Legalities aside, the argument of the exchanges is laced with irony, undoubtedly unintended. Imposing the speed bump, they say, not only violates Rule 600(b)(3), but undermines the integrity of the markets and thereby puts investors at risk. But the exchanges which make this claim have themselves introduced multi-tier markets, investing large sums in technology so they can profit from offering faster data access to a small cohort of traders who can both afford and benefit from superior access. They provide slower products, and inferior access, to those who cannot.
It is ironic as well that the exchanges would rely on Regulation NMS, a rule designed to insure fairness and market transparency, to protect both high frequency traders, whose tactics are widely viewed as unfair and not noticeably transparent, and the exchanges’ own franchise in catering to those traders.
This then is what the argument is really about, not whether it takes 350 microseconds to execute an order. IEX has now won the argument in the SEC and, perhaps more importantly, among the community of investors who believe themselves victimized by high speed traders.
In a recent interview, Nasdaq CEO Robert Greifeld claimed the SEC’s approval of IEX was an “abuse of process and a misuse of process” and insisted Nasdaq’s case was “very strong.” Sounds like Nasdaq is prepared to litigate the SEC’s approval of IEX. Right?
Instead, in an about face, Nasdaq signaled its intention to compete with IEX by seeking approval of what it called an “extended life” order type, which would allow investors to move ahead of other similarly priced orders if they agreed not to cancel their orders for approximately one second. Having exhausted all other possibilities, maybe Nasdaq has belatedly opted for what is really in the interest of it core clientele.
The SEC has for years been flirting with taking action to address directly the problems caused by high speed trading. By approving IEX as a public exchange, it has now done so indirectly.

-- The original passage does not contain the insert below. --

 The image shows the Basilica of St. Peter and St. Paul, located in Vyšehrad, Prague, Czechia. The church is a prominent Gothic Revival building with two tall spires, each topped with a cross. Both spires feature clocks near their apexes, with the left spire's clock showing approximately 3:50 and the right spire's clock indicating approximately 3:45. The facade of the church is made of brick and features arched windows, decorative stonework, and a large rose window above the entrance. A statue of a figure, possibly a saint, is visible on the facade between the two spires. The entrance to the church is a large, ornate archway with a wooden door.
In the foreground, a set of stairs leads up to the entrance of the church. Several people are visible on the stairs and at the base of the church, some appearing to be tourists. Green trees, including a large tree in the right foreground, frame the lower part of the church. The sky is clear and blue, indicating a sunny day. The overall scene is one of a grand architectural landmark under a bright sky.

One important reason for those problems is perhaps that the SEC’s approach — to deal with the legal and financial aspects of the debate — doesn’t work here. The central issues connected with high speed trading are not first and foremost legal or financial ones. They are matters of technology. The SEC needs to ask itself: Is it consistent with our securities laws and our notions of fair play to reserve the biggest profits for those with the fastest computers?